Por Juan J. Negro. Profesor de Investigación del CSIC. Exdirector de la Estación Biológica de Doñana
Este año tan redondo, el 20-20, el Parque Nacional de Doñana cumplirá 51 años desde su declaración por Decreto, en 1969. Un aniversario tan bueno como otro cualquiera. Pero hablando de edades, lo importante es preguntarse si Doñana envejece o si disfruta de un elixir de eterna juventud. La respuesta es que el primer Parque Nacional andaluz, y el único durante décadas, está razonablemente en forma y es hoy un emblema de la conservación y la investigación medioambientales en España y en Europa. El secular y nobiliario coto de caza de la Casa de Medina Sidonia, el preferido del Rey Alfonso XIII para abatir ciervos y jabalíes en el primer tercio del siglo XX, ha devenido en lugar Patrimonio de la Humanidad por sus valores ambientales, es Reserva de la Biosfera por la inseparable unión entre naturaleza y actividades humanas, y la caza que se practica en su interior en el siglo XXI solo es la fotográfica.

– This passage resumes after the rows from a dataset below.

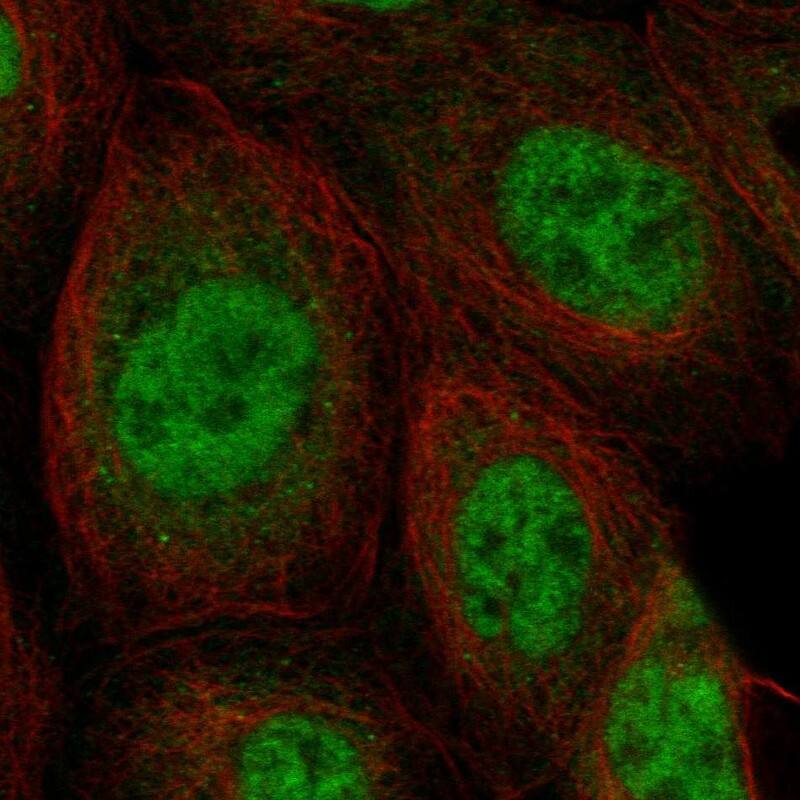 Staining of human cell line A-431 shows localization to nucleoplasm.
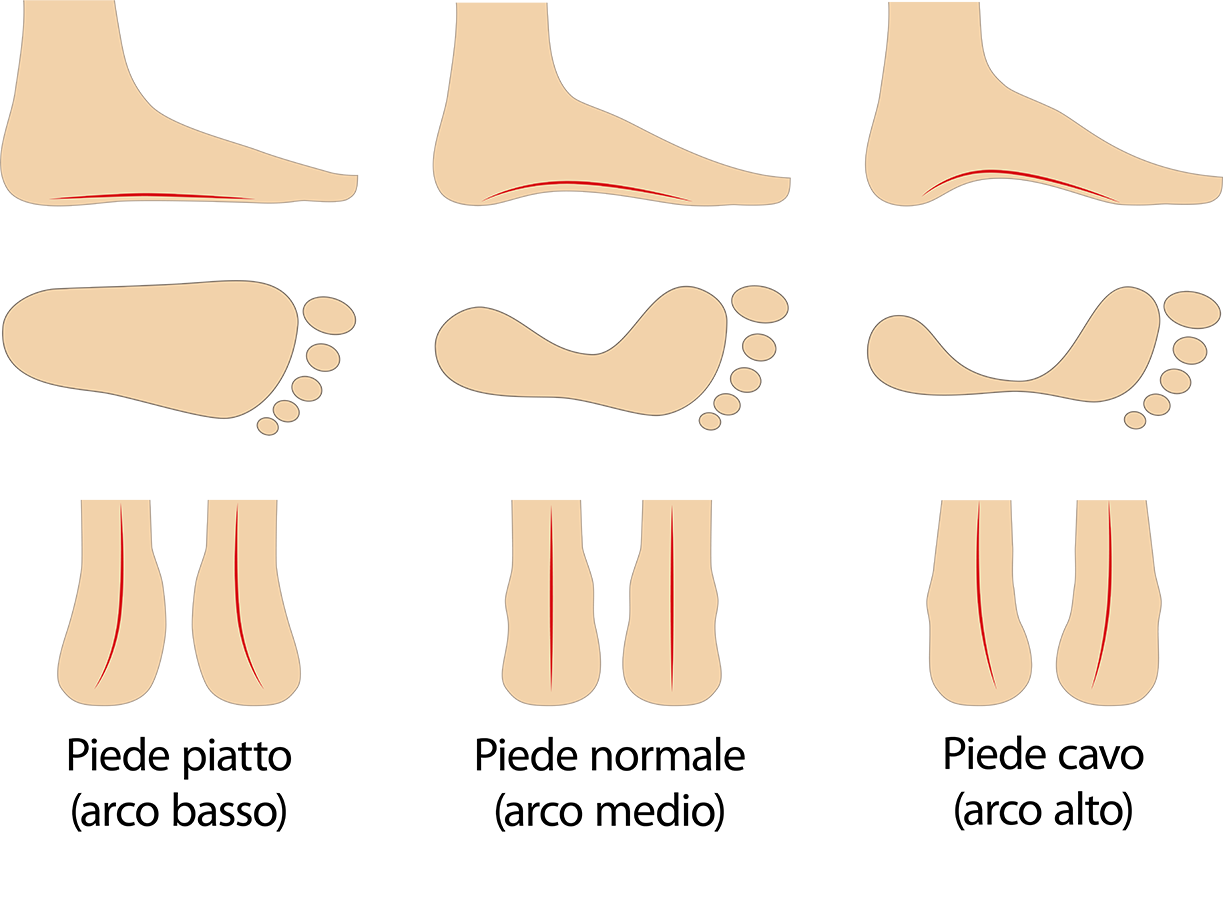 Tipi di piede: piatto-normale-cavo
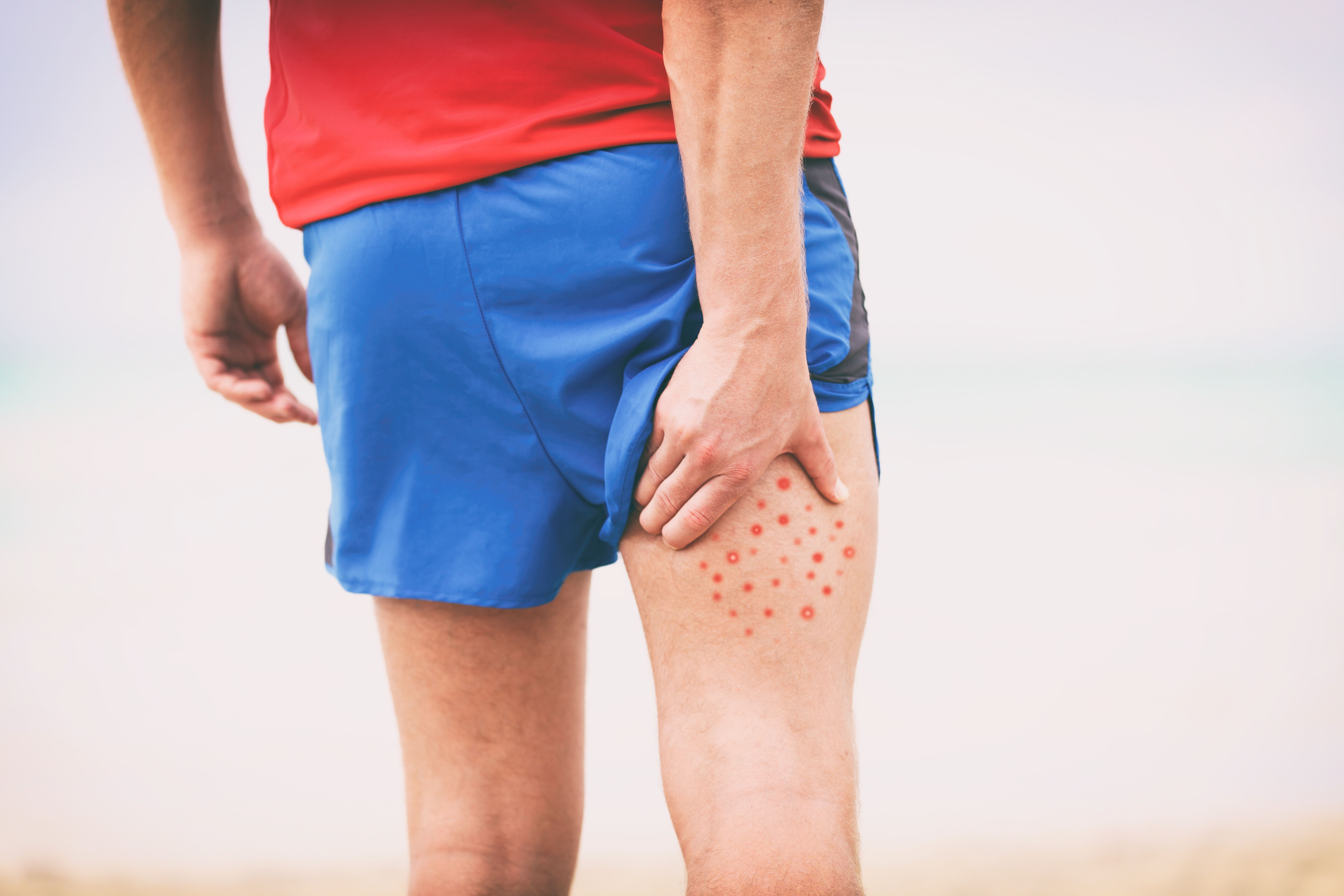 Poison ivy rash on the thigh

Es también el único Parque Nacional de la red estatal que cuenta dentro de sus límites con una Estación Biológica y Reserva Científica para realizar seguimientos de procesos naturales e investigaciones ecológicas.
Doñana mantiene los valores que la hicieron acreedora de los máximos reconocimientos y grado de protección de los que goza actualmente. Sus paisajes con cordones de dunas litorales, bosques de pinos, lagunas y marismas, aguantan el paso del tiempo y, aunque mermados en extensión, son perfectamente reconocibles. Aún sobreviven águilas imperiales y linces, únicos en el mundo, regentando territorios con vistas al mar. Solo se ha producido una extinción digna de reseñar desde la declaración del Parque: la del torillo andaluz, singular ave del tamaño de una codorniz, que tuvo en Doñana su última morada europea, antes de desaparecer sin dejar rastro en 1981. Eso si no contamos el parásito causante de la malaria, felizmente erradicada en 1964.
El río Guadalquivir, que limita Doñana, la ha dotado de una historia de vikingos, piratas esclavistas, circunnavegantes planetarios, samurais en misión de paz, y más recientemente, fabricantes de caviar, anguleros ilegales y narcotraficantes. Pero también de criadores de ganados marismeños cuyos ancestros embarcados en carabelas y galeones poblaron el Nuevo Mundo: los caballos de las retuertas y las vacas mostrencas, que aún mantienen pequeñas poblaciones en el parque. Doñana, con el negligente incendio del año 2017 ya casi olvidado, afronta fuerte el futuro con retos que no son sólo suyos: hablamos del globalizado cambio climático y la pronosticada subida del nivel mar, que anegaría su marisma antes de fin de siglo. Esa amenaza empequeñece las tensiones del presente: depósitos gasísticos, dragado del río, minería en la cabecera del parque, sobreexplotación de acuíferos por una agricultura intensiva. Y al que crea que un parque nacional es un freno para el progreso de las poblaciones de su entorno, conviene recordarle que el río de inversiones generado por los Planes de Desarrollo Sostenible del Área de Doñana ha dejado más millones de fondos europeos que muchos gordos de navidad juntos.